Ada terlalu banyak pertanyaan dalam diri Hae Soo, apakah Wang
So benar-benar akan menjadi Raja Gwangjong? Apakah Yang Mulia Raja benar
akan membunuh semua orang? Bagaimana nasib Pangeran Wang Wook? Seperti
apa masa depan Pangeran ke-8? Pertanyaan itu telah sampai ke ujung
lidah, tetapi Hae Soo segera menelan kembali. Kata-kata yang terucap
adalah, "Apa yang harus aku lakukan?"
"Tidak ada, tidak ada yang perlu engkau lakukan. Biarkan
segalanya terjadi seperti halnya air yang mengalir, jangan pernah
melibatkan diri."
“Kukira aku masih bisa mengubahnya, aku masih memiliki harapan untuk mengubah sesuatu yang buruk menjadi yang baik”.
“Engkau yang menutupi bekas luka pada wajah Pangeran So, maka
ia tak perlu lagi mengenakan topeng, tampil dasyat sebagai pemimpin
ritual turun hujan? Suatu hal yang tak pernah terduga hujan benar-benar turun”.
“Apakah takdir Pangeran So berubah, karena ia tak peril lagi mengenakan topeng?”
“Dalam hal ini aku tidak bisa menjawab, tak seorangpun tahu
apakah takdir akan berubah atau sudah ditetapkan sejak awal? Manusia
tidak akan bisa melarikan diri dari kehendak Langit. Biarkan segalanya
berjalan dengan semestinya, maka engkau pun akan selamat”.
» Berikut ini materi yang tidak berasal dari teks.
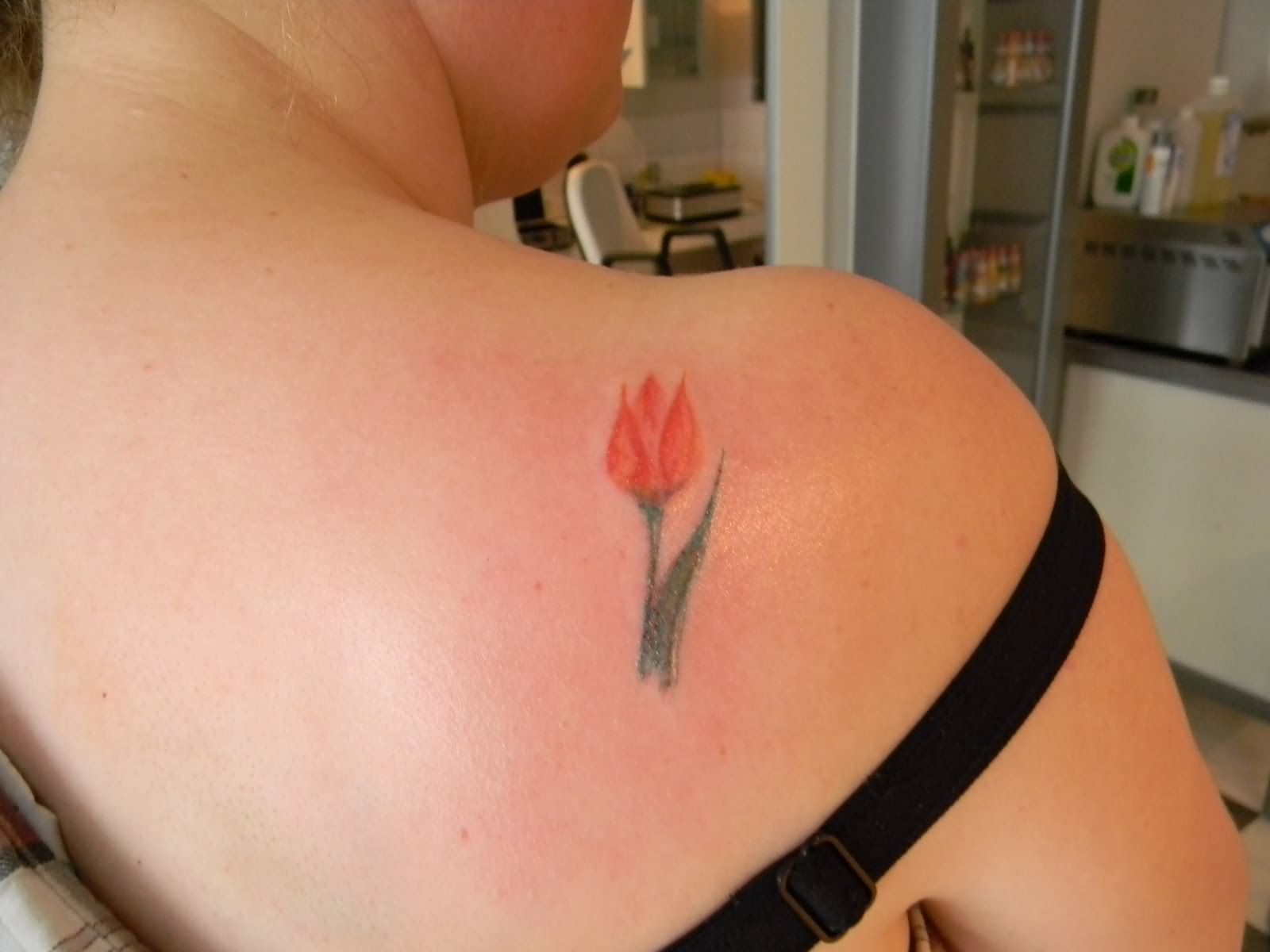 Small Tulip Tattoo On Right Back Shoulder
Percakapan berakhir, Hae Soo tak sepenuhnya mengerti, tetapi ia
tak memiliki pilihan lain. Ia menjalani takdir hidup yang aneh. Ia
hanya mampu menatap dengan seluruh perasaan terseret, tanpa mampu
melakukan apa-apa.
***
Hujan yang telah lama ditunggu terus menrinai dari langit
Goryeo, mengakhiri musim kering yang panjang dan meresahkan. Pangeran
Wang Wook terdiam menatap curahan hujan saat Putri Yeon Hwa datang,
tanpa banyak kata segera membuka percakapan, “So sudah berhasil
mendapatkan kepercayaan Yang Mulia Raja, karena keberhasilan
mendatangkan hujan. Mestinya engkau yang seharusnya menggantikan Putra Mahkota memimpin ritual”, wajah jelita Sang Putri diliputi penyesalan, ia sangat menyayangi Pangeran ke-8 dan berharap suatu saat Wang Wook akan menjadi raja.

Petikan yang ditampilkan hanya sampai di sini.